§ **Description of the task**: Once the line holding "In response to" appears, repeat it and each line after it to the end of the data, exactly and with nothing else; pictures stay out.

§ **Recorded data**:

──────────────────────────────

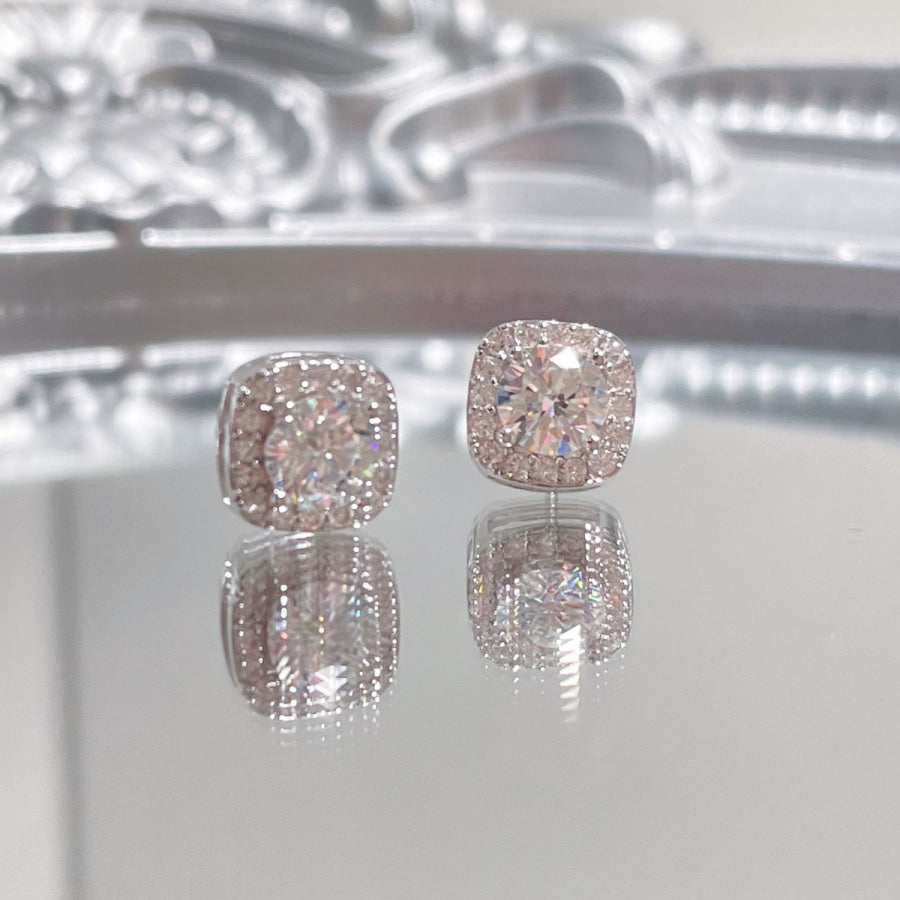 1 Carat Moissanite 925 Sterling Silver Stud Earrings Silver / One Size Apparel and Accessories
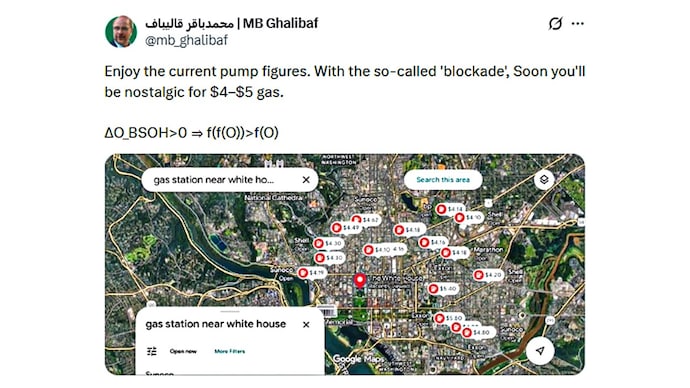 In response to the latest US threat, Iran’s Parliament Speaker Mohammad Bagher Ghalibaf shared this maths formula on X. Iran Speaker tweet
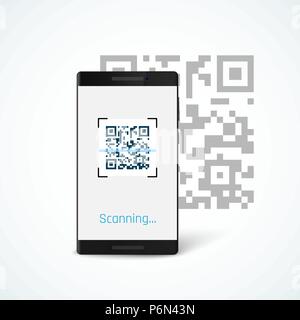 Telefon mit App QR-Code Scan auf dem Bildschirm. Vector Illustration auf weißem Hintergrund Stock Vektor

──────────────────────────────

§ **Completed exercise**:
 In response to the latest US threat, Iran’s Parliament Speaker Mohammad Bagher Ghalibaf shared this maths formula on X. Iran Speaker tweet
 Telefon mit App QR-Code Scan auf dem Bildschirm. Vector Illustration auf weißem Hintergrund Stock Vektor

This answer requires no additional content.